Eficiencia energética, iluminación eficiente, tecnologías más limpias promoviendo el uso de bitrenes, y sistemas multimodales para disminuir viajes, reducir emisiones hasta un 30–40 % y mejorar seguridad vial.
También ofrecemos combustibles alternativos como GNC y SAF (para aéreos, todavía incipiente en Argentina). Medimos la huella de carbono bajo el protocolo GHG (alcances 1,2 y 3) y generamos reportes, promoviendo responsabilidad compartida con el cliente. En lo social: Además de trabajar en diversidad, inclusión y desarrollo de talento, hacemos principal foco en la trazabilidad de la eficiencia en el tiempo logístico. No se trata solo de pérdida económica para la empresa y el cliente, sino también del impacto humano: horas de cansancio, estrés y riesgos para los conductores.
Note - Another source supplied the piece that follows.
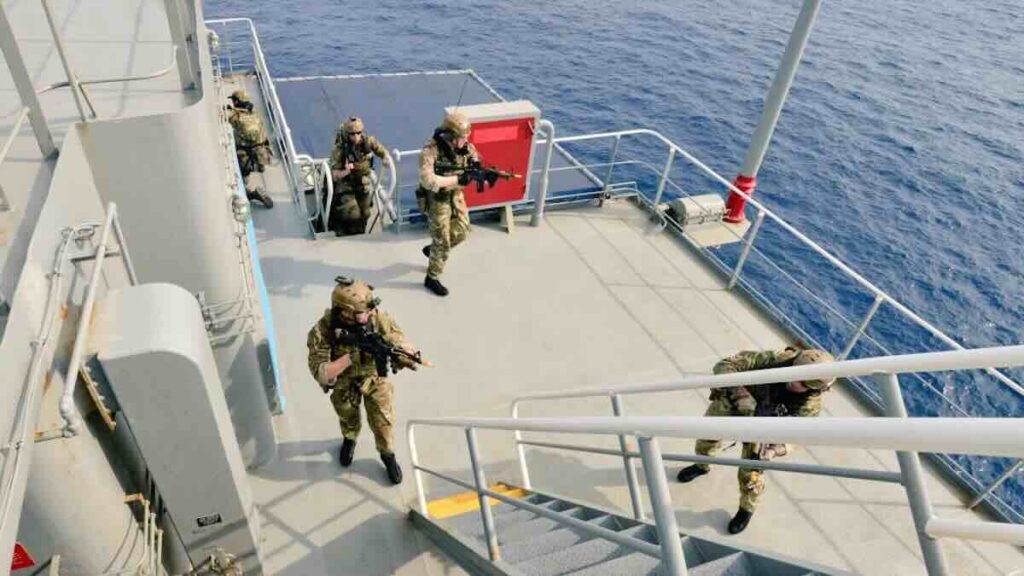 americki marinci na brodu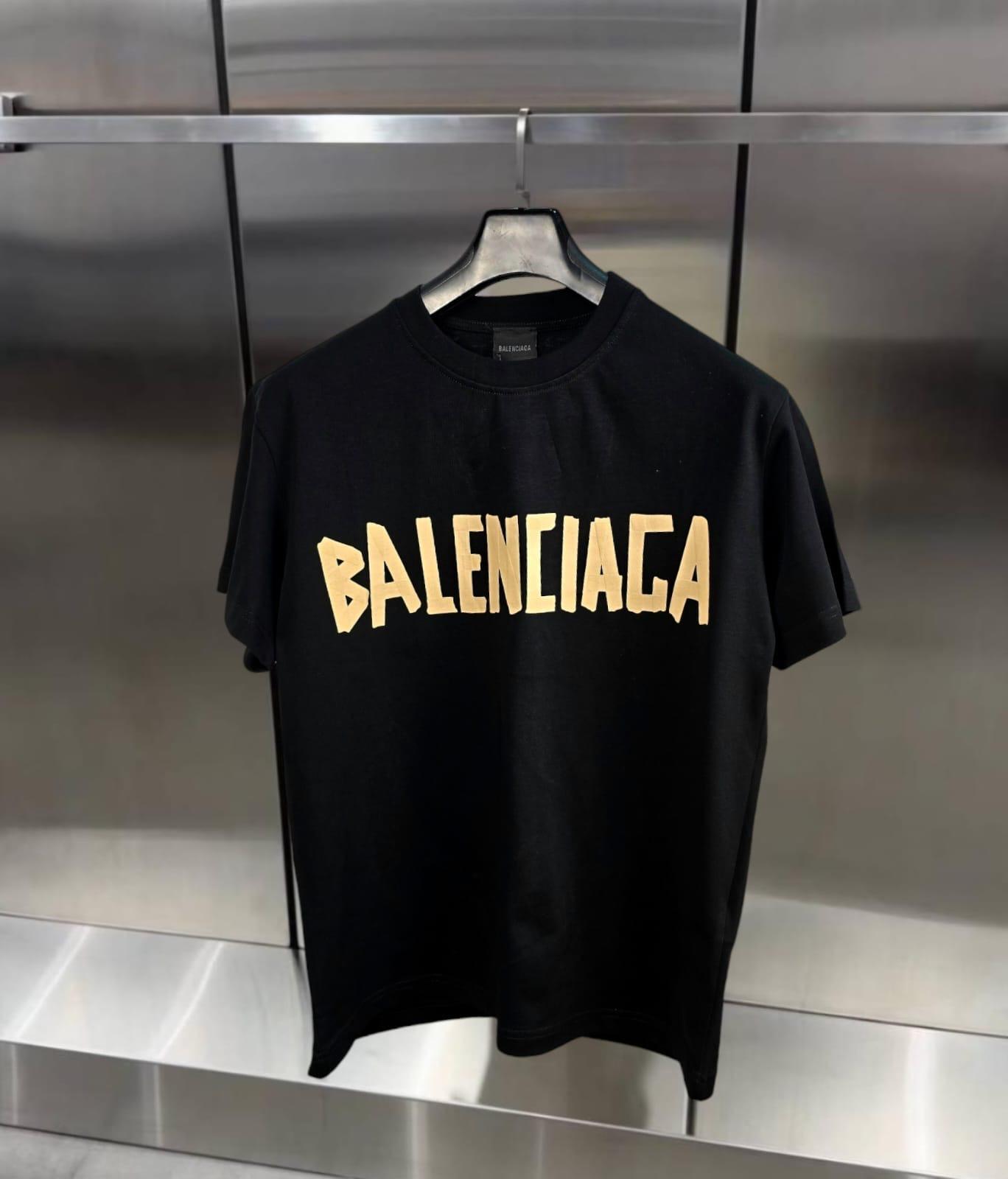 CAMISETA BALENCIAG@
Mejorar la eficiencia significa cuidar la salud y seguridad de las personas, y eso también es sustentabilidad.
-Desde tu experiencia, ¿qué rol juegan las personas en la implementación real de una estrategia sustentable?
-Son todo. Podés tener la mejor estrategia, pero si la gente no la entiende ni la siente propia, no pasa nada. Por eso invierto todo el tiempo en comunicar a dónde queremos ir, así multiplico y potencio la estrategia.
-¿Qué aprendizajes o buenas prácticas globales destacás y cómo se adaptan a la realidad argentina?
-La medición y trazabilidad son claves. Adaptamos estándares globales como ISO y reportes ESG, pero siempre considerando nuestra realidad: costos, infraestructura de Argentina y cultura local.
-¿Qué habilidades serán clave para los equipos de RR.HH. y liderazgo de cara a ese futuro?
-Flexibilidad, empatía y capacidad de gestionar el cambio. También entender de datos y la tecnología que vamos a necesitar. Está trillado, pero es muy real, tenemos que seguir pensando en las habilidades que vamos a necesitar en el futuro. Cuesta soñar en grande, pero es nuestra obligación.
-¿Qué consejo le darías a las mujeres que hoy buscan desarrollarse profesionalmente dentro del sector logístico?
-Es un sector que está cambiando y necesita diversidad. Tenemos mucho para aportar para traer miradas nuevas y desafiar lo establecido. Mejor aún si venimos de industrias diferentes porque generamos más innovación. Hay espacio para crecer. Conectarnos con el mundo nos cambia, y la logística es el motor que lo hace posible.